Tips for a Successful Second Home Mortgage Application

To maximise your chances of securing the necessary finance, consider the following preparation steps:

  • Maximise Your Deposit: The larger the deposit you can offer, the better the interest rates you will typically qualify for. Aiming for 25% often opens up the widest range of products.
  • Organise Documentation: Gather comprehensive proof of income, existing mortgage statements, utility bills, and proof of deposit funds well in advance.
  • Reduce Existing Debt: Paying down credit card balances or clearing personal loans improves your debt-to-income ratio, making you look like a lower risk to lenders.
  • Seek Professional Advice: Utilising a qualified mortgage broker who specialises in second charges or complex lending can be invaluable, as they have access to lenders who may not deal directly with the public.

People also asked

Can I use equity from my main home to buy a second home?

Yes, this is a common strategy. If you have significant equity built up in your primary residence, you may be able to remortgage your main home or take out a further advance to release capital, which can then be used as the deposit for your second home purchase.

Are interest rates higher for second home mortgages?

Generally, yes. Second home mortgages often carry a slightly higher interest rate compared to equivalent primary residential mortgages because they are viewed as a non-essential risk by lenders. The exact rate will depend heavily on the LTV and your overall financial profile.

What is the minimum income required to get a second mortgage?

There is no fixed minimum income. Lenders assess affordability based on your household’s total income versus the total outgoings (including both mortgage payments). As a general rule, your total mortgage commitments should typically not exceed 4 to 5 times your annual income, though this can vary widely.

Do I pay Capital Gains Tax (CGT) when selling a second home?

Yes, unlike your primary residence (which is usually exempt under Private Residence Relief), any profit made from selling a second property may be subject to Capital Gains Tax (CGT). The rate of CGT depends on your income tax band at the time of the sale.

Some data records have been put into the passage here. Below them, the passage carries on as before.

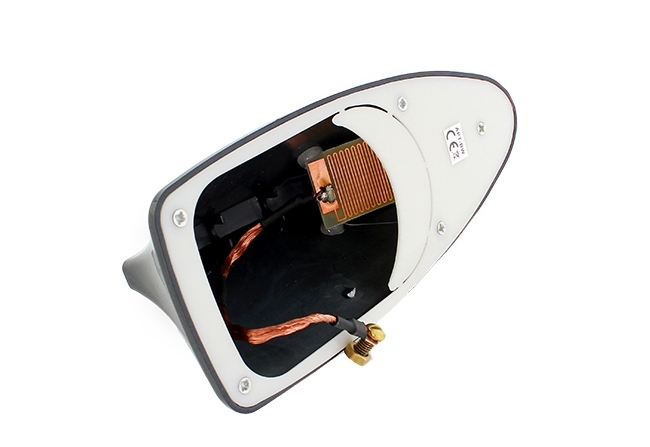 AK322A_ak322a_02_y982-6h.jpg AVX-AK322C Antena auto activa AM - FM tip "SHARK TAIL" culoare ALB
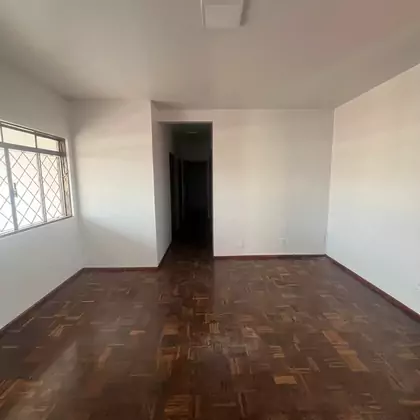 Aluga - se Apartamento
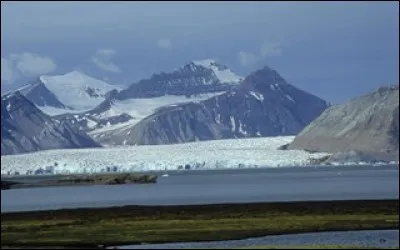 La fonte des glaciers est due au r&eacute;chauffement climatique.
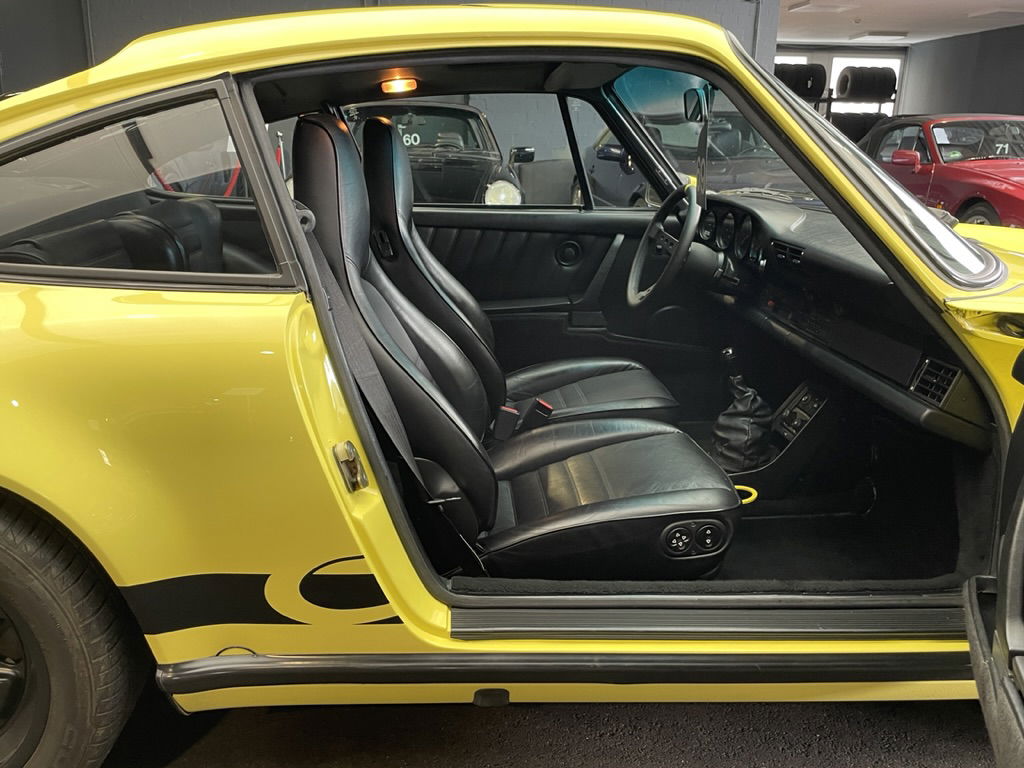 Porsche 911 Carrera 3.2 (US)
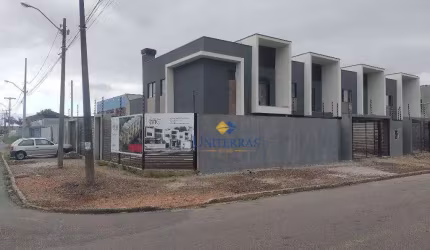 Sobrado com 3 dormitórios à venda, 139 m² por R$ 829.000,00 - Vila Tarumã - Pinhais/PR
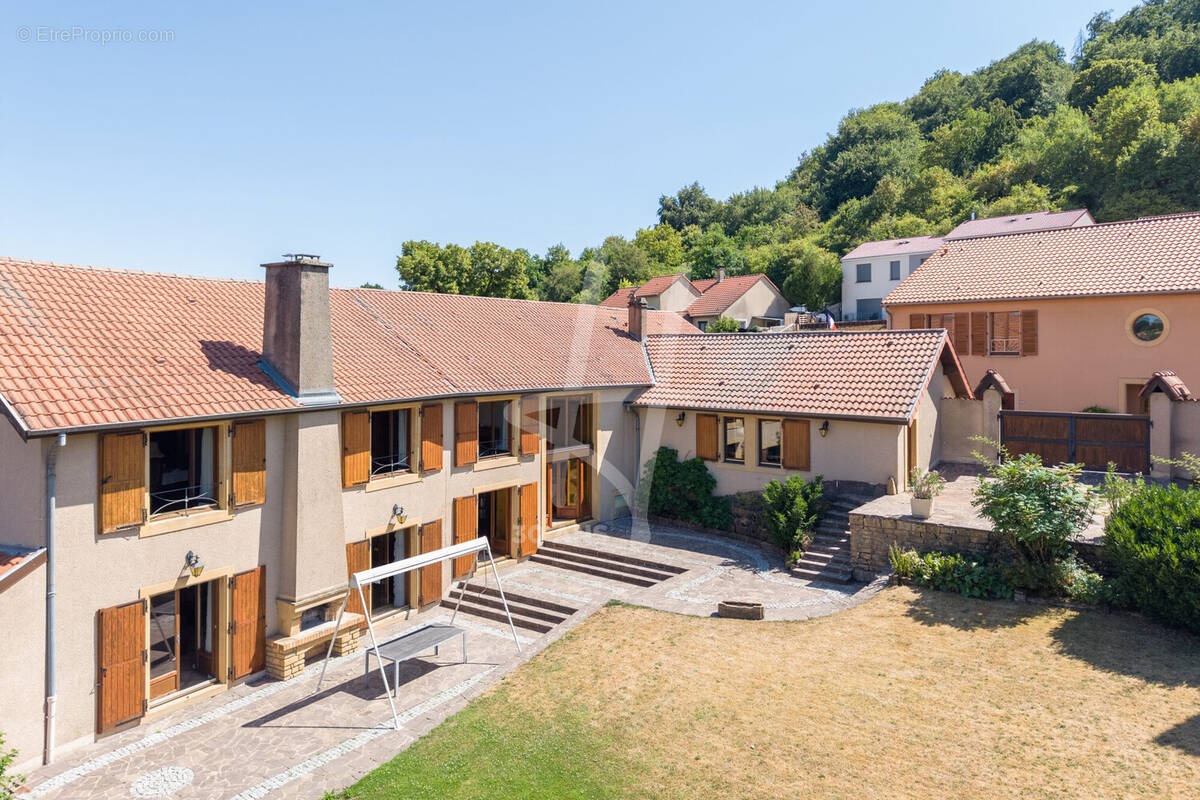 Maison à NORROY-LE-VENEUR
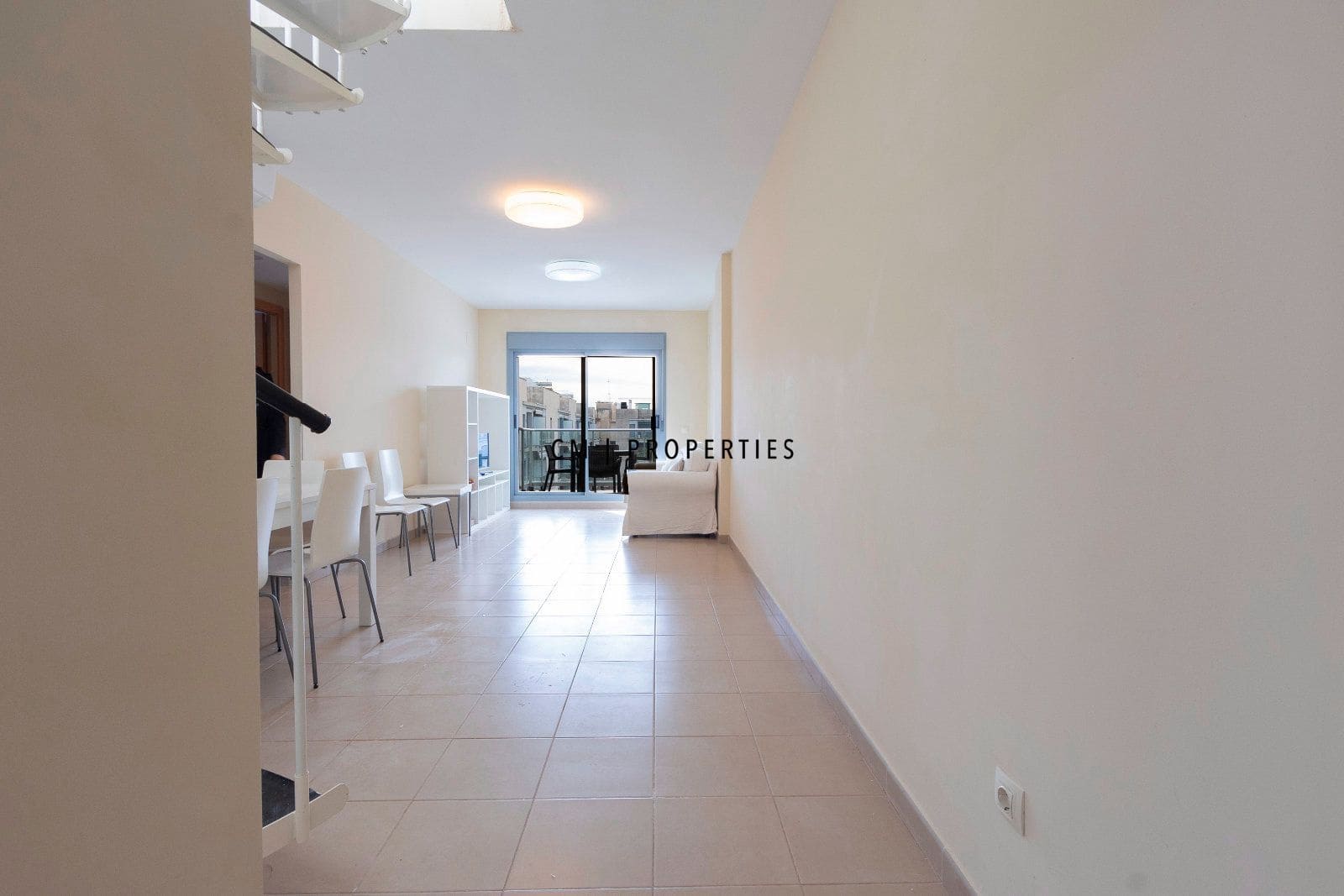 2 bedroom Penthouse for rent in Almenara with pool garage - € 1,050 (Ref: 9581245)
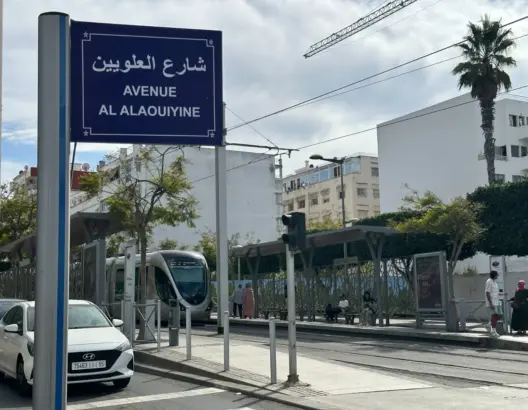 اختناق مروري بقلب العاصمة يثير غضب الساكنة.. وترام الرباط في قفص الاتهام (فيديو)
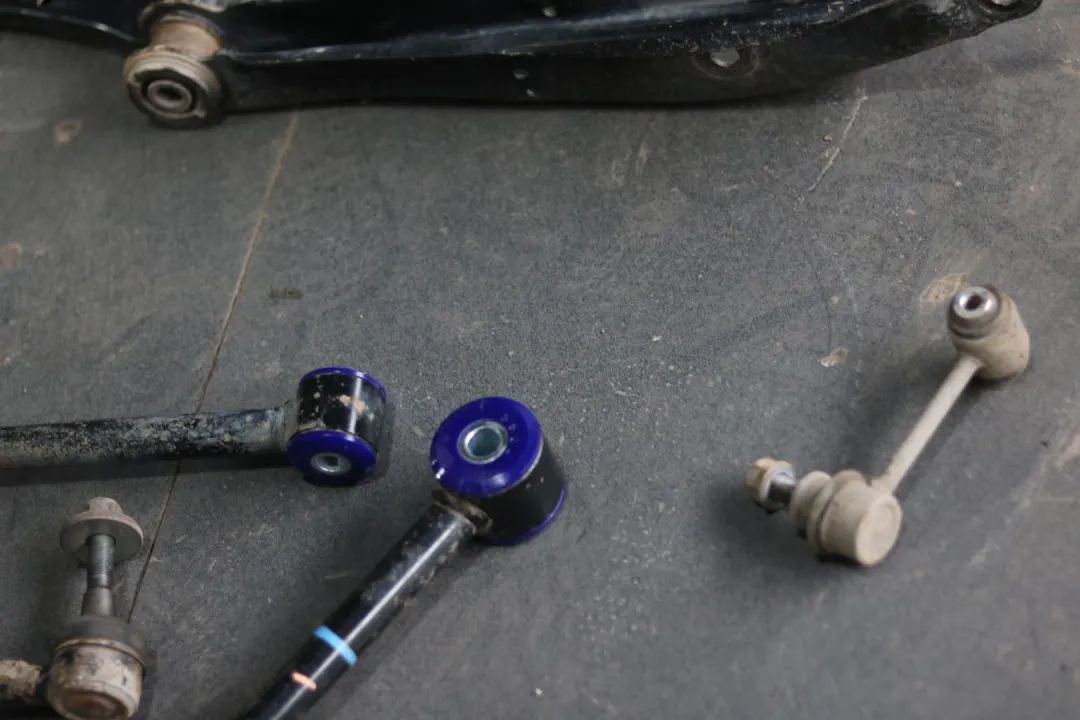 怪兽汽车翻新地址,怪兽修车翻新奥迪q7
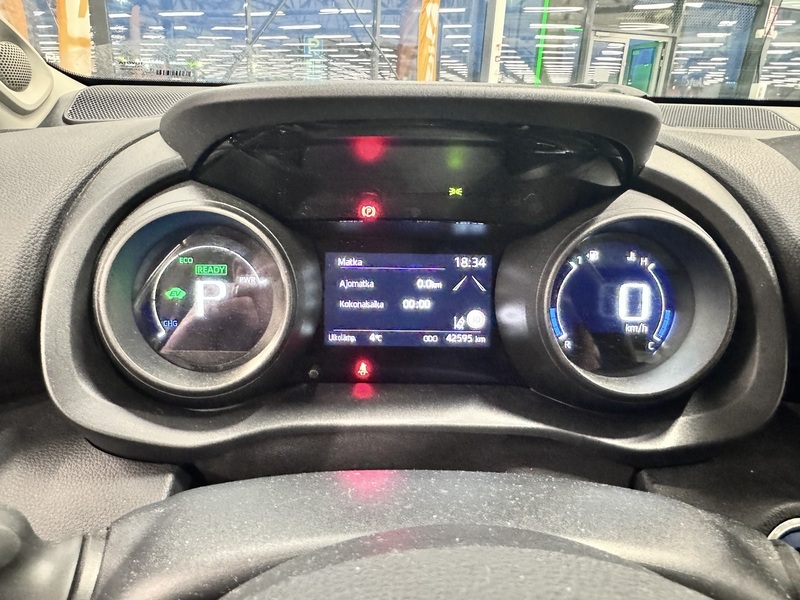 Toyota Yaris vaihtoauto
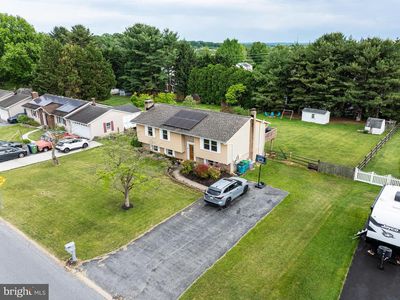 1005 Caren Dr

Can I let out my second home part-time?

If you intend to let out the property for significant periods, even if you use it sometimes, you may require a specialist product like a regulated Buy-to-Let or Holiday Let mortgage, depending on the frequency and length of the lettings. A standard second residential mortgage usually prohibits using the property commercially.

Securing a second home mortgage requires careful planning, a strong financial footing, and an awareness of the substantial associated costs, particularly the SDLT surcharge. By preparing thoroughly, maximising your deposit, and ensuring you meet the strict affordability checks, you can successfully navigate the process of acquiring your second property in the UK.